As with type-quality comparisons, the time spent in child care appears to be a more important factor in infant-mother attachment than the actual start date of child care use. There have been reports of increased frequency of insecure-ambivalent infants when their mothers work 30 hours or more per week compared to mothers who work less or stay at home (Scher and Mayseless, 2000, in Harrison and Ungerer, 2002). In the NICHD study, babies whose mothers had low levels of sensitivity and who spent more than ten hours a week in child care were likely to develop an insecure attachment pattern (NICHD ECCRN, 2006).
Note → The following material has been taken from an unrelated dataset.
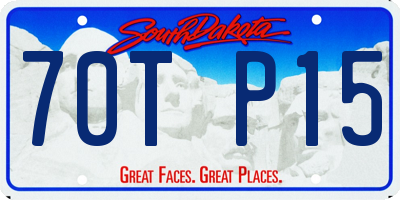 SD license plate 70TP15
This suggests that part-time employment for mothers is a good compromise, allowing them to enjoy the benefits of working while also gaining more opportunities to enhance infant-maternal attachment. Although no general agreement exists yet on the part-time work–infant attachment correlation, it has been hypothesized that more positive outcomes are achieved for children if their mothers work part-time rather than full-time (Zaslow et al., 1991, in Harrison and Ungerer, 2002). Part-time working mothers also report higher self-esteem, greater satisfaction, and less stress than those working full-time (Owen and Cox, 1988; Wolcott and Glezer, 1995, in Harrison and Ungerer, 2002), which in turn suggests more positive quality interactions with their babies.
For most families who opt to use it, child care is a long-term commitment that can stretch for up to four years if the child starts early. Even at only 20 hours per week, the cumulative time over 200 weeks is substantial. According to the NICHD Study of Early Child Care and Youth Development (Belsky et al., 2007), children who spent longer periods in child care tended to have higher levels of teacher-reported behavioral problems — though not academic or language difficulties — through sixth grade. This effect was more evident when care was provided by non-family members, such as in day care settings (van IJzendoorn et al., 2004, in Belsky et al., 2007). Furthermore, if child care hours increased between three and 54 months (4½ years), vocabulary scores were lower by the time children reached fifth grade (Belsky et al., 2007). This suggests that long-term child care use has important implications not only for children's socioemotional functioning but for academic achievement as well.
These findings make it all the more evident that parents cannot overlook the importance of choosing high-quality child care, if only to moderate the effects of long-term use. As noted earlier, high-quality child care predicts positive pre-academic skills. Follow-up studies on the same children show this to be a potentially enduring effect: all other factors being equal, vocabulary scores remained consistently higher through fifth and sixth grade compared to children who did not attend child care (Belsky et al., 2007). This underscores the importance of early experience for language development and has particular relevance for children from low-income or disadvantaged families who may not be exposed to rich vocabulary at home.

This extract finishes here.